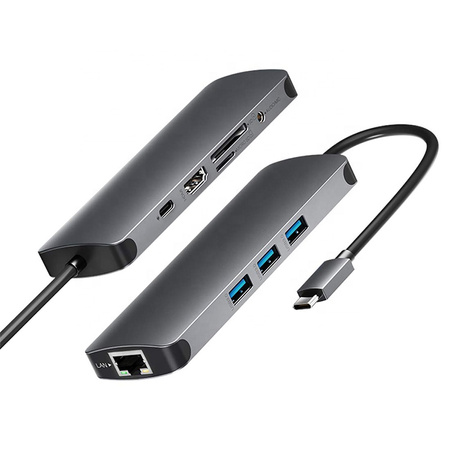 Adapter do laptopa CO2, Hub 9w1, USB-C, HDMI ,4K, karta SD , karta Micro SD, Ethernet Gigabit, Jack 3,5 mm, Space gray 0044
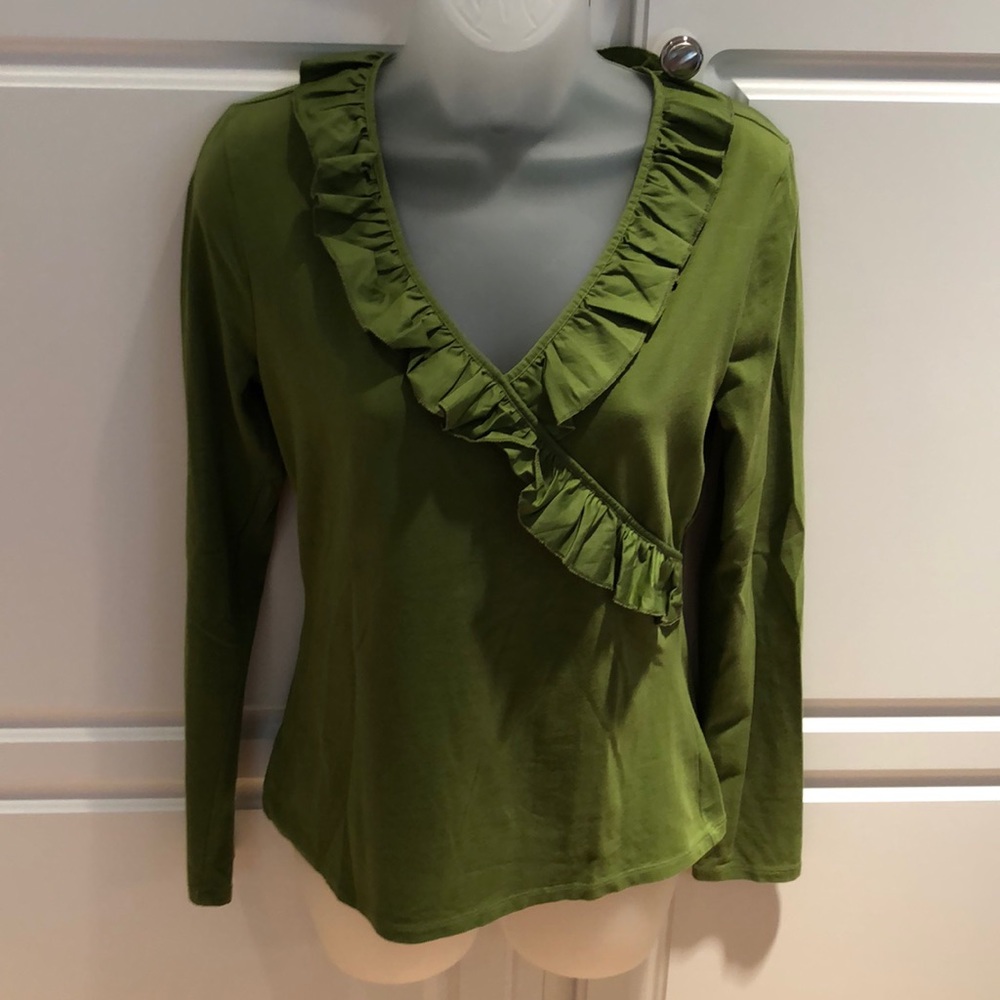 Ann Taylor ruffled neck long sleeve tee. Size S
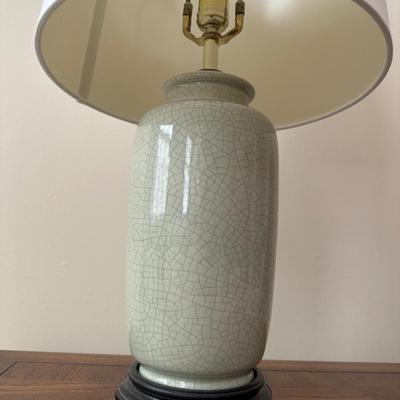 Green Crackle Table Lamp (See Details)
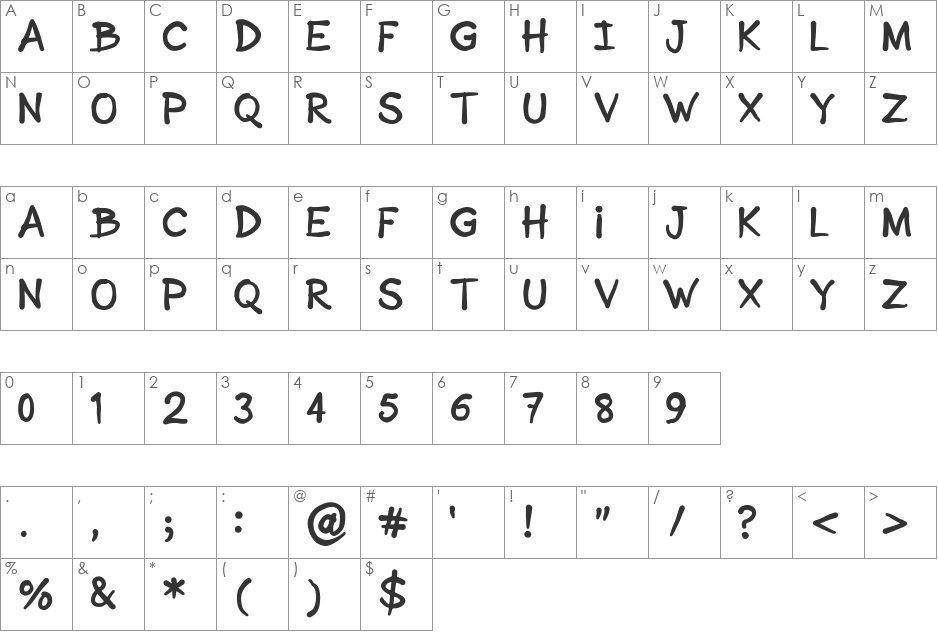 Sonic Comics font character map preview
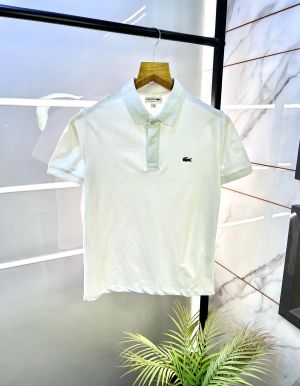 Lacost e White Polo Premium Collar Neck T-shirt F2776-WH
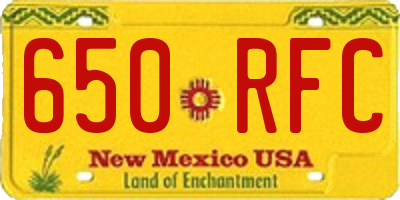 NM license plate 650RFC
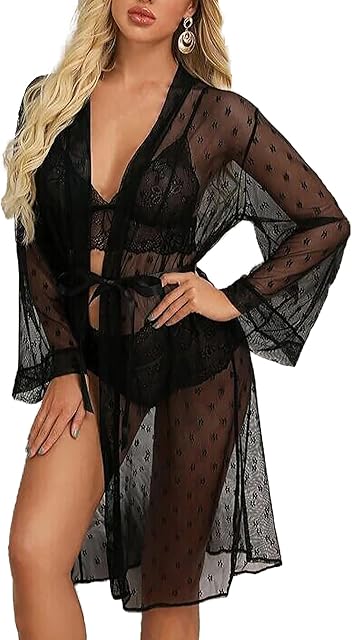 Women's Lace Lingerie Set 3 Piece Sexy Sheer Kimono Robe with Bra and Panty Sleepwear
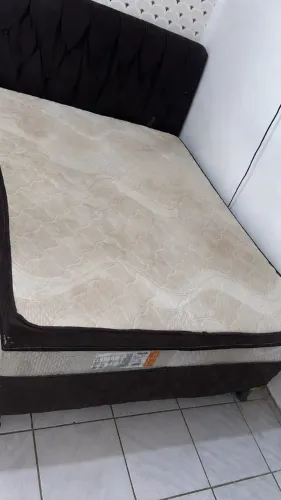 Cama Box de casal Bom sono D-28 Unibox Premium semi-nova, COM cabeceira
...
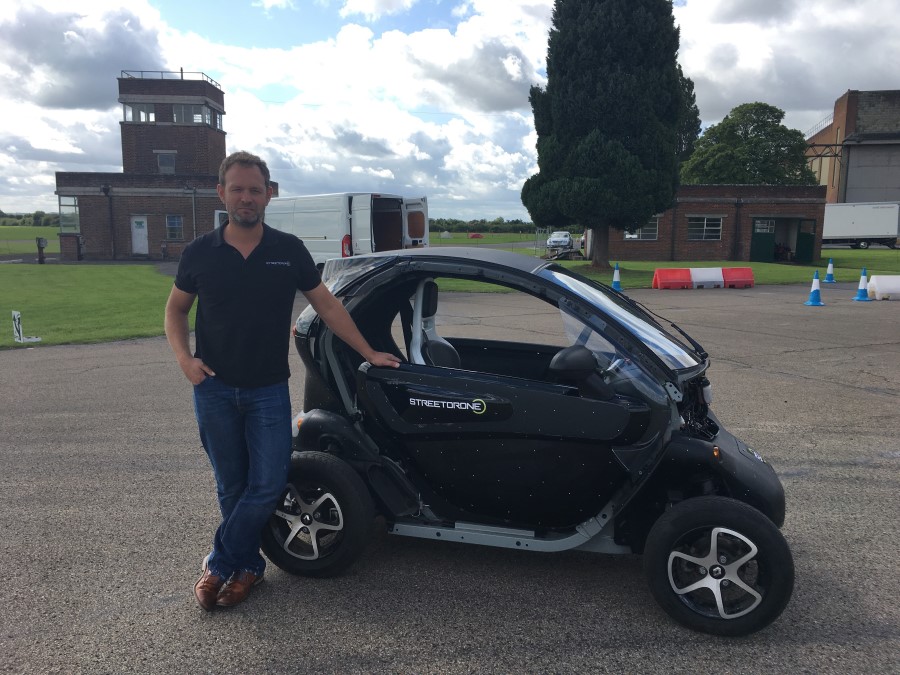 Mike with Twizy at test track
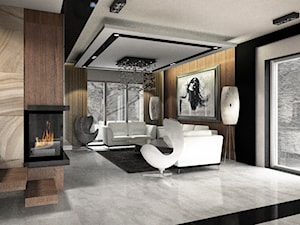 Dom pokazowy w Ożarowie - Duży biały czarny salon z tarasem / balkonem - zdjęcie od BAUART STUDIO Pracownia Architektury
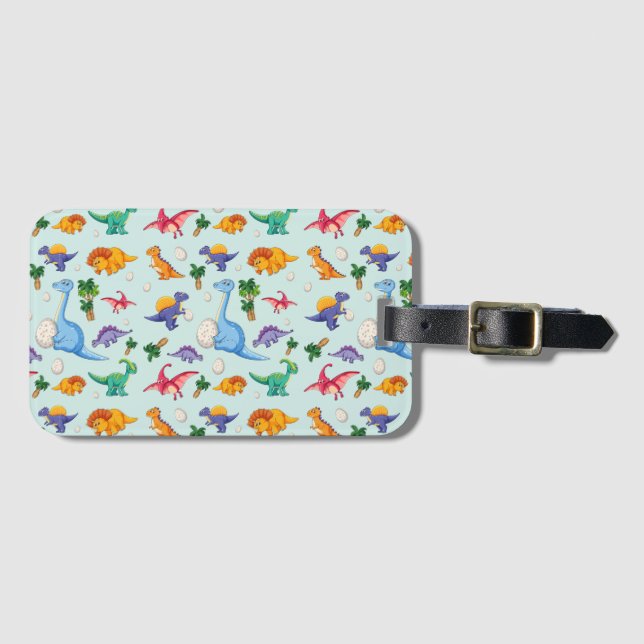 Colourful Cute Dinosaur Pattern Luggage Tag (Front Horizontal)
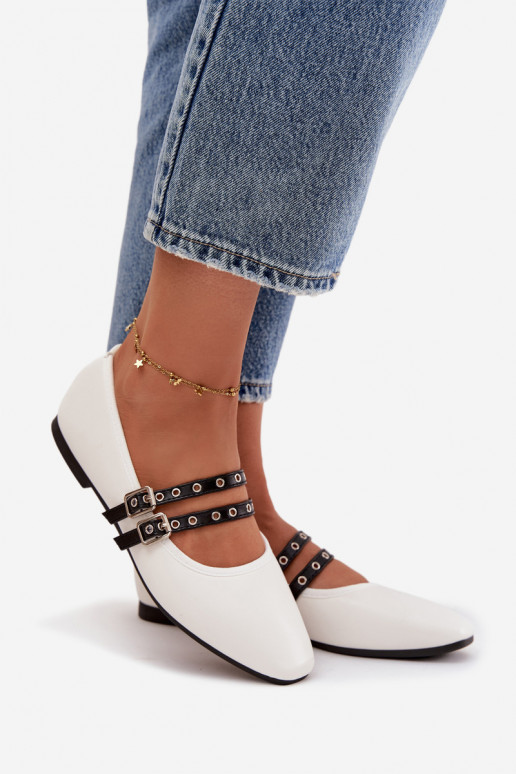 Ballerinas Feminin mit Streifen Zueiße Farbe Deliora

- **Aim of the exercise**: Each line above from the one containing "Women's Lace Lingerie" through the one containing "Cama Box de" is to be returned verbatim. Nothing else, and no pictures.

- **Response area**:
 Women's Lace Lingerie Set 3 Piece Sexy Sheer Kimono Robe with Bra and Panty Sleepwear
 Cama Box de casal Bom sono D-28 Unibox Premium semi-nova, COM cabeceira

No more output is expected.